ABOUT THIS TASK:
Every line of the listing is returned unchanged, and every picture is dropped.

DATA:
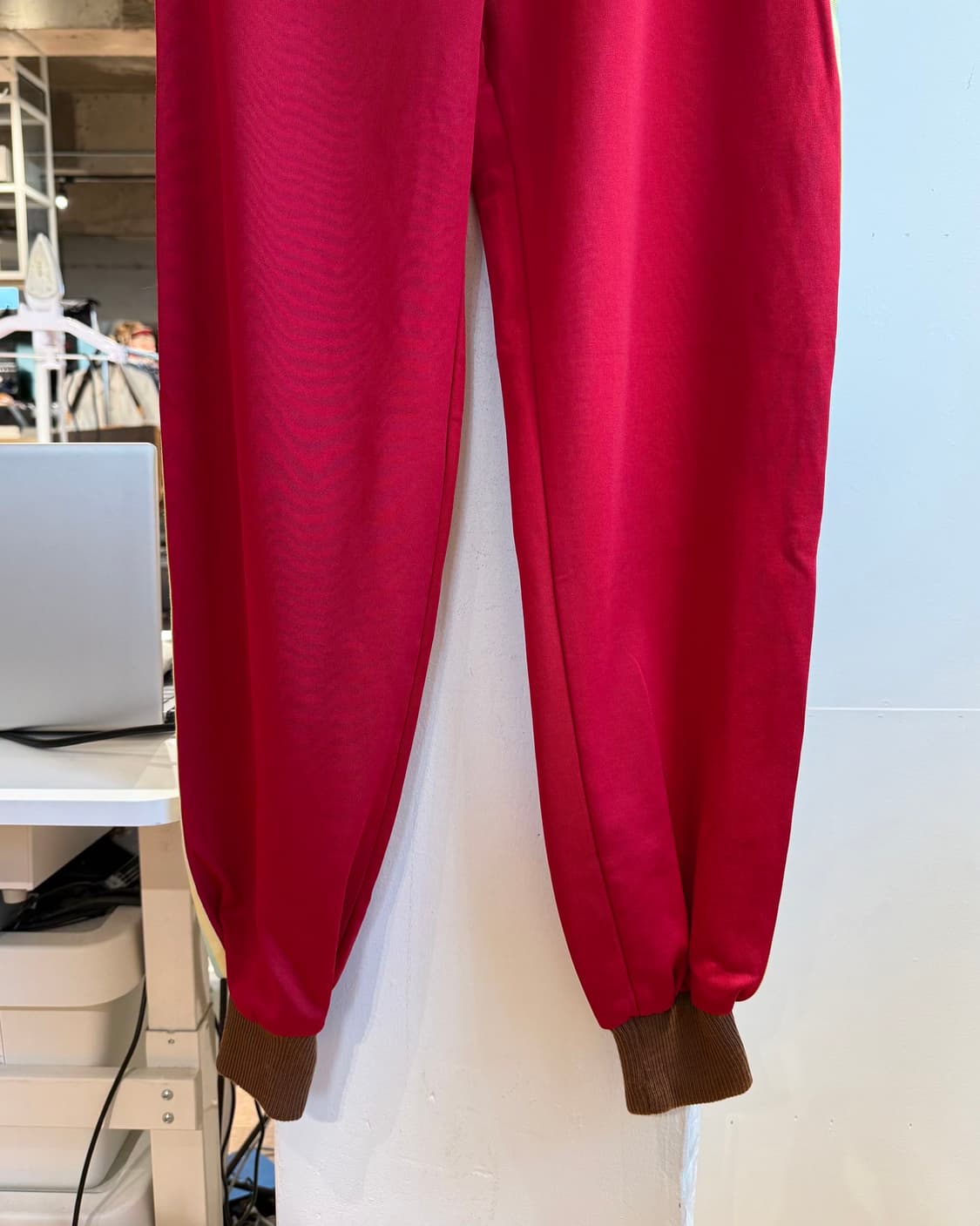 아크네 스튜디오 레드 페이스패치 스웻 팬츠  상품이미지4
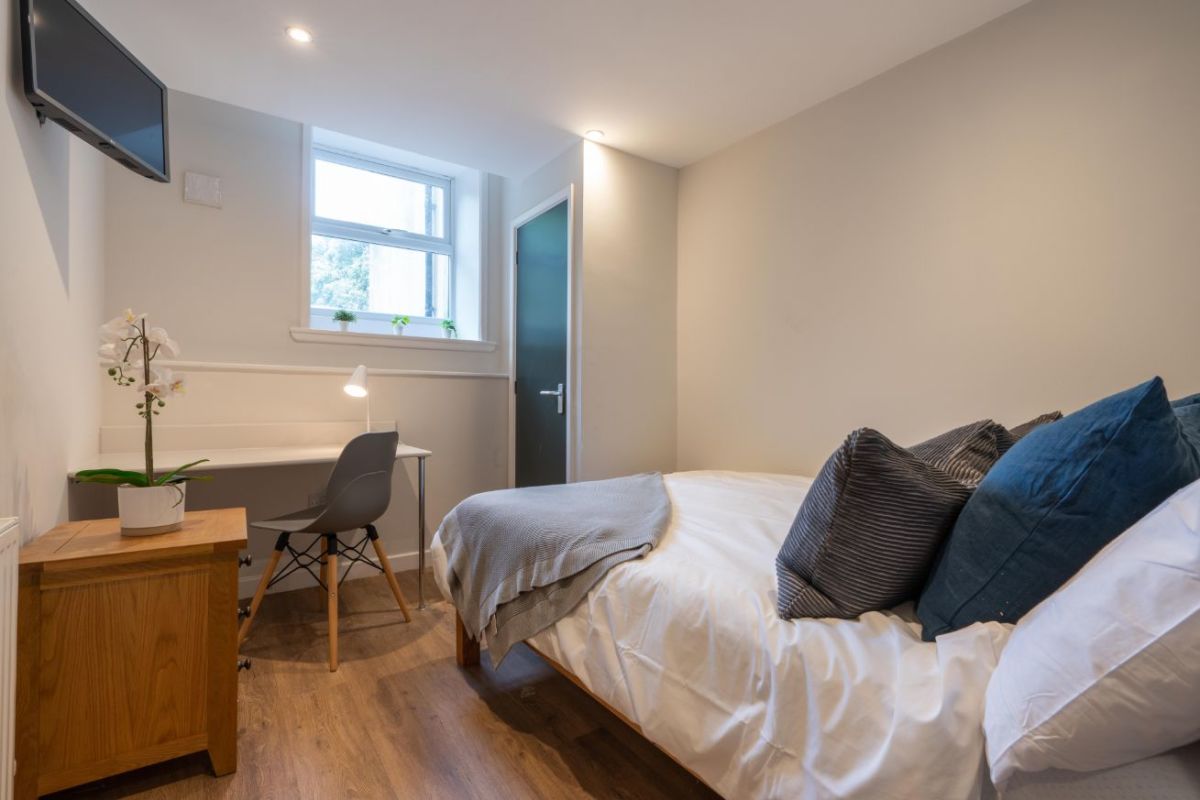 Flat 2 Linden Flat, Jesmond Road Newcastle 5 Bedroom Student Flat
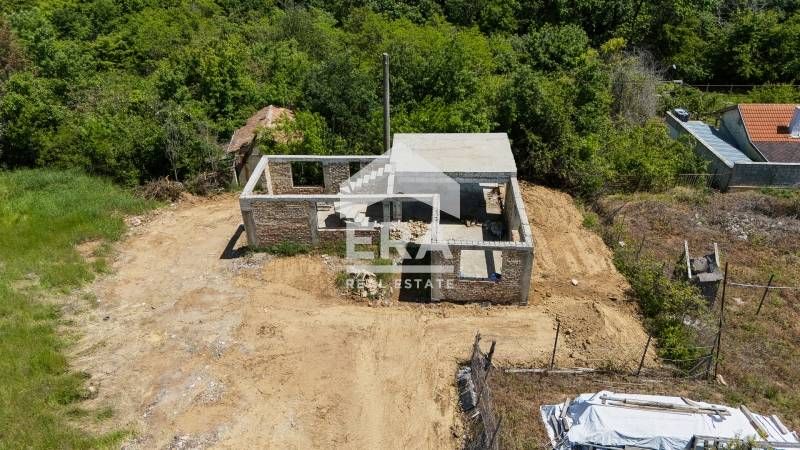 Самостоятелна къща в строеж, с морска панорама, в м-т "Боровец-Юг", гр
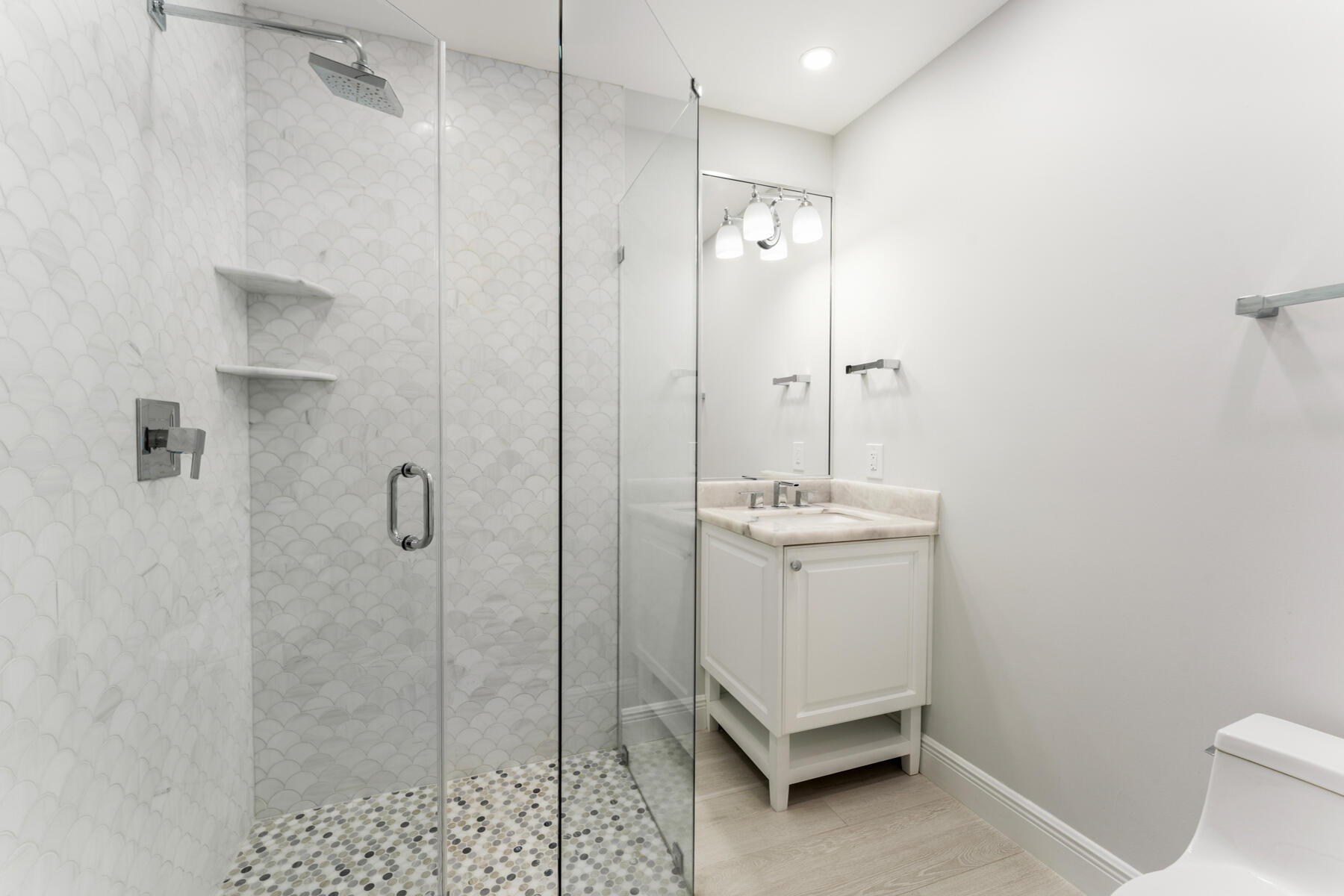 308 Sabal Street Duck Key, FL 33050 - Photo 33 of 87 Guest Bath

ANSWER AREA:
 아크네 스튜디오 레드 페이스패치 스웻 팬츠  상품이미지4
 Flat 2 Linden Flat, Jesmond Road Newcastle 5 Bedroom Student Flat
 Самостоятелна къща в строеж, с морска панорама, в м-т "Боровец-Юг", гр
 308 Sabal Street Duck Key, FL 33050 - Photo 33 of 87 Guest Bath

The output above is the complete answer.